En el proyecto del diablo Oscar Campo representó a Cali como un paraíso hippie que en los años ochenta se transformó en un infierno de la droga. Hizo algo parecido en El ángel del pantano: detrás de la bonanza elefantiásica del narcotráfico, cuando la alta sociedad se hizo la de la vista gorda con la presencia de los mafiosos, había una ciudad calcinada por el bazuco y por la violencia. Ahora, con su documental una tumba a cielo abierto, el cineasta caleño realiza el ejercicio de ver los horrores que se han tapado desde hace años en el río Cauca, donde se tiran deshechos corporales, deshechos industriales, pero también cadáveres putrefactos, producto de afrentas entre bandas criminales, de feminicidios y de ajustes de cuentas entre grandes hacendados y grupos armados ilegales.
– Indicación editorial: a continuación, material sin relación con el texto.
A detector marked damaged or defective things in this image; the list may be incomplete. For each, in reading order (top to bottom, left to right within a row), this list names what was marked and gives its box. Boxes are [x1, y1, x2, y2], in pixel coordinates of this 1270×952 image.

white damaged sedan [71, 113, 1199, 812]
La película está planteada como un viaje por el río Cauca. El espectador va en una balsa, mira las orillas plagadas de gente pobre, de gallinazos y de desperdicios. Mientras tanto, se escuchan historias de personas que sacaron cuerpos del río, que vivieron violencias, e incluso de delincuentes que cobran sobornos a otras organizaciones criminales para dejar pasar armas o drogas. También se escucha la nostálgica voz del realizador, que-como en su documental Cuerpos frágiles-alza el velo, ve lo siniestro y nos los cuenta sin caer en sentimentalismos, ni en ese heroísmo ecologista que últimamente tienen algunos documentales colombianos. Esa voz es la de un escéptico; la de un hombre que, al reflexionar sobre las imágenes, es capaz de desmontar esa idea superficial de una Cali salsera, alegre e inclusiva.
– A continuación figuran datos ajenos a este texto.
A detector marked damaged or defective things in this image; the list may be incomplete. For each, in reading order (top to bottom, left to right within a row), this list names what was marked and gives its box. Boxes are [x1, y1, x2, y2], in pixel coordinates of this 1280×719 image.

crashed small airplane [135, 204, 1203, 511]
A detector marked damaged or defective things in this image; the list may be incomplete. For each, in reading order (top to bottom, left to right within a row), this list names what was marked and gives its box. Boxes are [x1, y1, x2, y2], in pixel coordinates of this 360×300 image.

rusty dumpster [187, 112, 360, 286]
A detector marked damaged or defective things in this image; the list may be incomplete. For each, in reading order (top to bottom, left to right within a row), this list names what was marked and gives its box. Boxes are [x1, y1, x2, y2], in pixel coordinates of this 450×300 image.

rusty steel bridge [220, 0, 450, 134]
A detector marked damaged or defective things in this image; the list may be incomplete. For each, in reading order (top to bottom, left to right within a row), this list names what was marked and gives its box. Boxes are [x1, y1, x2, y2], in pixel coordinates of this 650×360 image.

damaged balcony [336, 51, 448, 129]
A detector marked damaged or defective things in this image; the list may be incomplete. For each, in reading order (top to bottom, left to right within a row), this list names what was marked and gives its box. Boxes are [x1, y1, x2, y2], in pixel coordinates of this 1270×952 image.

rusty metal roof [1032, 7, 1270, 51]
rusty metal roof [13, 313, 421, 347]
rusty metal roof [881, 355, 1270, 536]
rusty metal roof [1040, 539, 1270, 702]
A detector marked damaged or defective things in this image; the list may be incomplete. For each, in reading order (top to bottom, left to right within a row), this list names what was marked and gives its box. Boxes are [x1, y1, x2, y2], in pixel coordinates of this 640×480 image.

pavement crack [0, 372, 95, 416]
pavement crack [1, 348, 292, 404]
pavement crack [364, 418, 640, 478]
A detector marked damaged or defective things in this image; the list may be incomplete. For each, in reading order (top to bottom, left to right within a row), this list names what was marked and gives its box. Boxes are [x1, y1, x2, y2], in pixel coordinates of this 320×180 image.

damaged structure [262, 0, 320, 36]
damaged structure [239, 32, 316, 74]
Cuando aparecen las imágenes de otros ríos, sobre todo en ciudades de Europa como Sicilia o París, uno podría pensar que el director está alardeando de sus viajes de turismo. Y sí, por unos segundos, se percibe cierto alarde, aunque, cabe decirlo, no es gratuito. El mismo narrador se da cuenta de eso y concluye que a veces, durante la realización de su película, se siente como un turista instrumentalizando lo que ve, imponiendo su mirada superficial sobre un paisaje del que en realidad no entiende nada. Se siente "agarrando pueblo".
Por otro lado, el hecho de mostrar el Mediterráneo, lo hace hablar de otro desastre humano: el de los africanos que en pequeños barcos huyen de sus países y cuyos cuerpos quedan enterrados en el agua, antes de llegar a la tan anhelada Europa. Es decir que lo siniestro que ocultan los ríos y los mares no es algo propio de Cali sino del mundo, un mundo que mata cuerpos y los desaparece sistemáticamente, sin el menor remordimiento. Campo hace un contraste entre la superficie del agua, por donde circulan los botes con turistas blancos, adinerados y pulcros, y la profundidad, donde se hunden cadáveres de negros pobres y andrajosos. Y el espectador, como en un ejercicio brechtiano, regresa despierto al presente, al silencio maligno del río mudo...
Hay un plano, cuando están en Juanchito, en aquellas ruinas de lo que fueron los bailaderos de Salsa durante los noventa, en que una mujer se levanta la blusa y muestra las tetas. La imagen es oscura, difusa, como si estuviera filmada a escondidas, detrás de alguna de las discotecas. Uno supone que es una prostituta del lugar y que está haciendo un guiño a la cámara. De pronto ese plano, al igual que el del chico que sube por un puente para luego lanzarse en vuelta canela frente a sus espectadores, no aportan a la mirada profunda que propone el documental sino que insisten en eso mismo que la voz en off critica: volver el paisaje un espectáculo, agarrar pueblo. Sería interesante preguntarle al cineasta por qué dejó ese par de planos.